2. In this example and in some of those which follow, an entity is used rather than an individual. When that is the case, the example must be read to include the entity's officers, employees and agents as prohibited sources.

3. See Question 4 of the Problems for Ethics Counselors in the OGE 1984 training materials, Questions 3 and 9 of the Case Studies in the OGE 1985 training materials, Questions 1, 7, 12, and 14 of the Case Studies in the OGE 1986 training materials, and Questions 6 and 16 of the Case Studies in the 1987 OGE training materials. These materials were used in our regional training sessions and the training sessions we have typically held in February and March of each year in Washington and were a part of the packets given to each participant.

4. "How to Keep Out of Trouble," Office of Government Ethics, January, 1986, at pp. 2-3.

5. See Informal Advisory Letters 84 x 10 and 85 x 9.

6. This concept is not to be confused with the situation where an agency has paid for an employee's admission to a conference or seminar.
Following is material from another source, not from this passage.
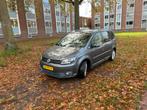 Volkswagen Touran 1.2 TSI 77KW BMT 7P 2011 Grijs, Auto's, Voorwielaandrijving, 74 €/maand, 4 cilinders, 7 stoelen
In those instances, an employee may participate in all events hosted by the conference organizers as a part of the paid admission. Receptions and dinners hosted by someone other than the conference sponsor but held at the same time in order to invite all or a portion of the conference participants must be analyzed separately because they are not a part of the paid conference admission.

7. There are other statutes which deal with the offer and acceptance of gratuities when the employees involved are carrying out functions under specific statutes. For example, see 7 U.S.C. § 87(a) (grain inspection), 21 U.S.C. § 622 (meat inspection), and 18 U.S.C. §§ 212 and 213 (bank examination). These types of statutes are not addressed in this memorandum but should be considered when counseling affected employees.
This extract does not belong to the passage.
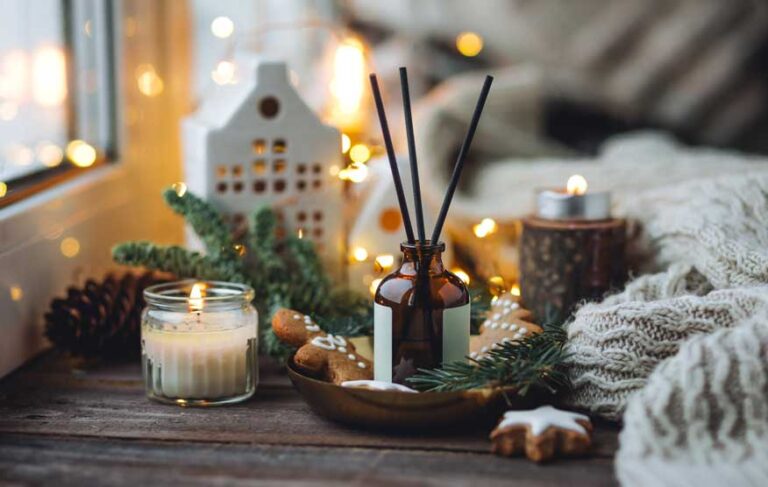 Wohlfühlatmosphere im Advent mit Kerzen, Raumduft und Wolldecke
8. It is important to note that Executive Order 11222 is recognized as related and is reprinted in its entirety immediately following section 201 of Title 18, United States Code.

9. For purposes of this memorandum, a matter in which an employee has a financial interest is a matter in which he or she, his or her spouse, minor child, partner, organization in which he or she serves as an officer, director, trustee, partner, or employee, or any person or organization with whom he or she is negotiating or has any arrangement concerning prospective employment, has a financial interest.